The convention centre has exhibition and trade show space of approximately 11200 m2 that can be divided into multiple conference or banquet venues; a Grand Ballroom, which can be divided by soundproof partitioning. Catering is offered at the premises. The centre has two auditoriums, one seating up to 1500 and the other up to 620.

== History ==
It hosted the Final Draw of the 2010 FIFA World Cup South Africa on 4 December 2009. Guests in attendance included Nobel peace prize winners, former State President FW De Klerk and Desmond Tutu. The event was opened by President of South Africa, Jacob Zuma and President of FIFA, Sepp Blatter.

Due to the success of the CTICC it was expanded in 2010. A second round of expansion work was scheduled to begin in February 2015, with a target completion in 2017. At the time it was announced, the expansion was planned to add 10,000m² of floor space to the centre.

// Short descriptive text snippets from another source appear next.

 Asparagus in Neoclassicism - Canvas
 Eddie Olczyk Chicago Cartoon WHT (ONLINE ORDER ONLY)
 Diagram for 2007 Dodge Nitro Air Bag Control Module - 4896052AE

In 2013, the centre hosted 537 events, an increase from 514 in 2012. In 2021, it was estimated that the CTICC has contributed R53.2 billion to the country's GDP and R45.2 billion to the Western Cape's economy in the past twenty years.

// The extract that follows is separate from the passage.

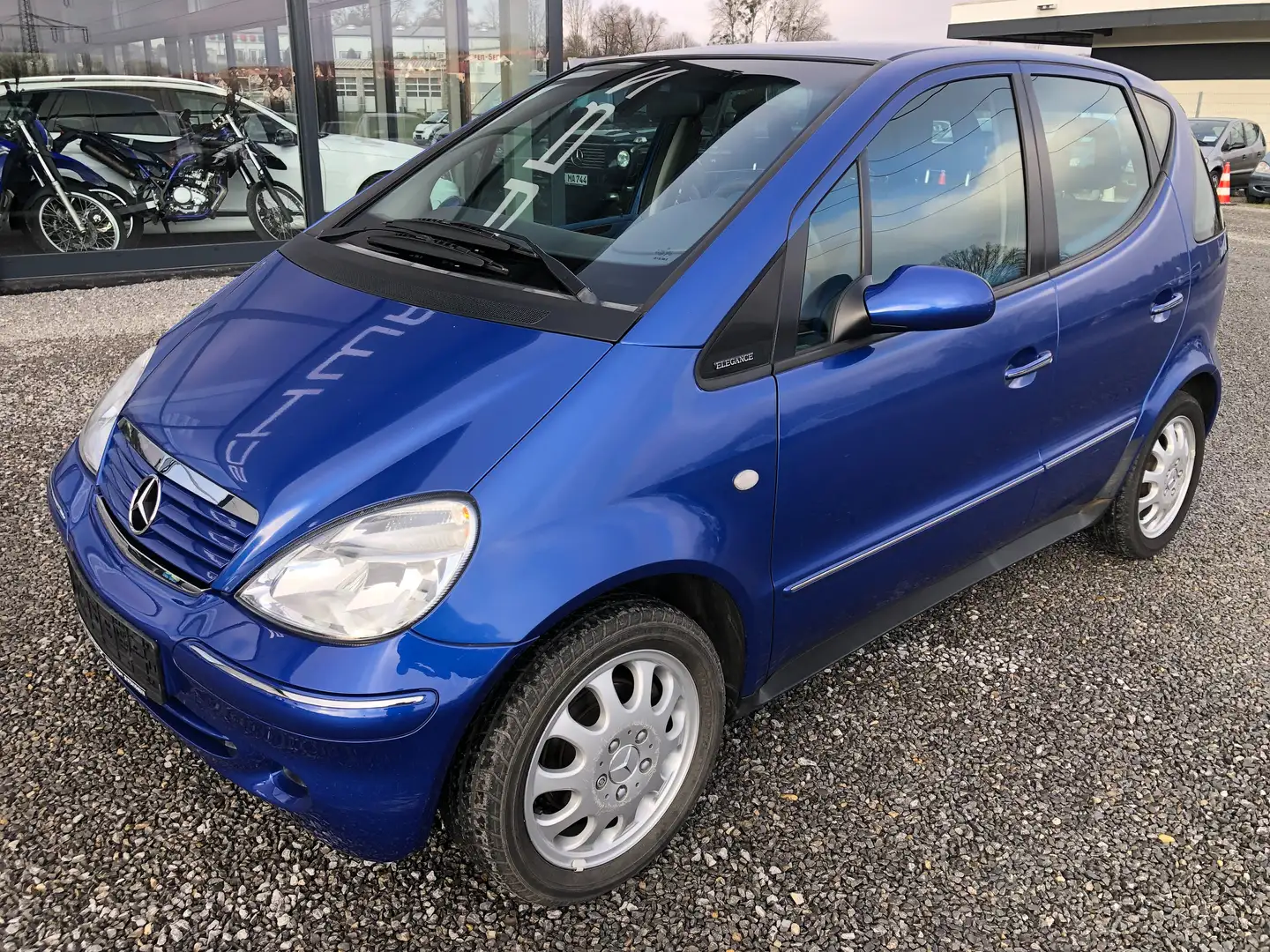 Mercedes-Benz A 140 ELEGANCE Automatik*Klima*Regensensor*3.Hand* Blau - 1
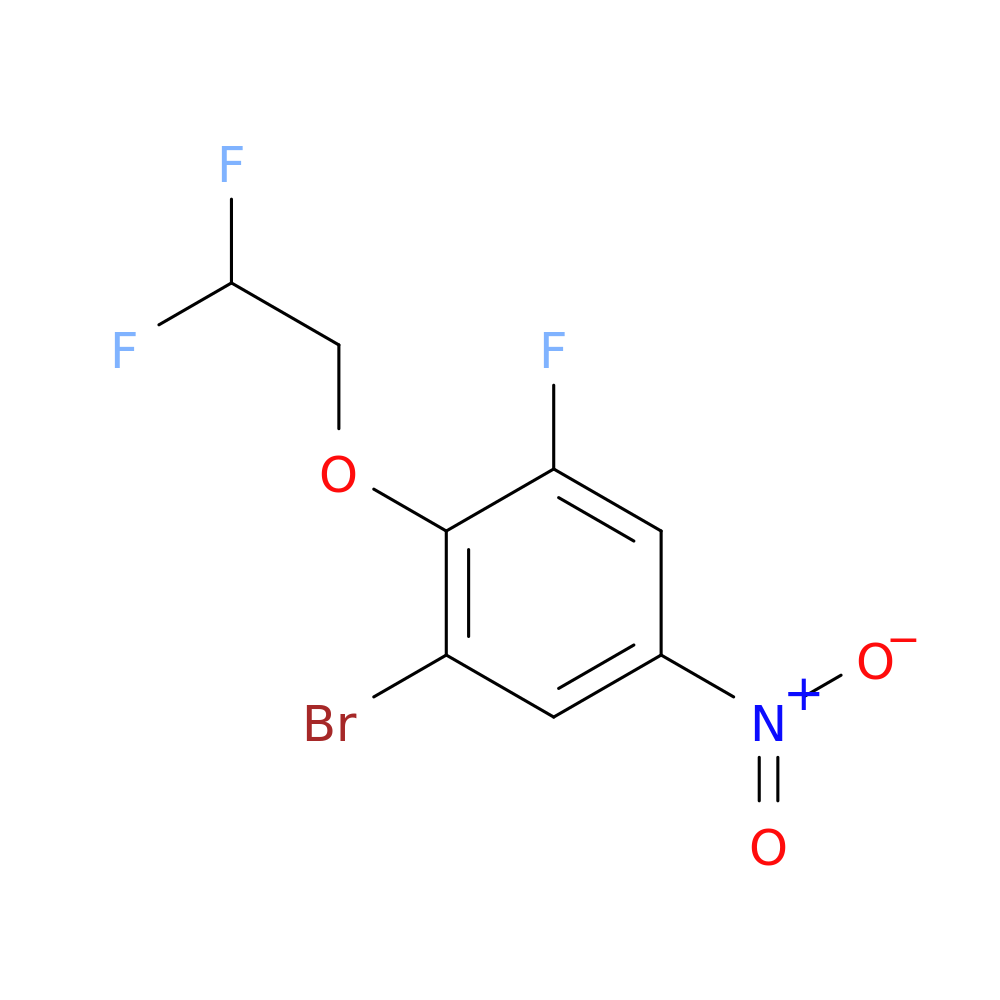 1-Bromo-2-(2,2-difluoro-ethoxy)-3-fluoro-5-nitro-benzene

The centre hosted the 2023 Netball World Cup.

CTICC hosted the first sitting of seventh parliament that elected the Speaker of the National Assembly as well as the President.

Cape Town, and by extension the CTICC, has become a global conference hub, and a highly desirable place to host delegates for meetings. In recent years, Cape Town has been increasing in popularity as a destination for conferences and meetings. In June 2025, it was reported that Cape Town had reached 35th place globally in the International Congress and Convention Association's (ICCA) rankings of popular destinations for international association meetings.

The report highlighted that Cape Town hosted 58 such meetings in 2024, comprising 60% of the total hosted across South Africa that year. Cape Town also placed among the top 10 cities worldwide for average attendance per event, with an average of 717 delegates per meeting.

In 2025, the City of Cape Town announced that it was investigating selling its shareholding in the CTICC. The 72.7% stake, valued at an estimated R885 million, would be sold to private investors to continue operating the center. The City would retain ownership of the land upon which the center is built, and would use the cash injection to fund public infrastructure projects.

In December 2025, it was reported that the City of Cape Town passed a resolution that granted the City in-principle approval to proceed with exploring the option of selling its stake in the CTICC. The resolution followed the end of a public consultation period that began in September of the same year. The City said that during the consultation process, most of the comments received were in support of the sale.

== Controversies ==
In August 2014, it was reported that the African National Congress had amassed a R1.3 million account with the CTICC since 2011. Executive director of auxiliary affairs, Gerard Ras, said that the ANC should not be allowed to use the facilities until the account is settled.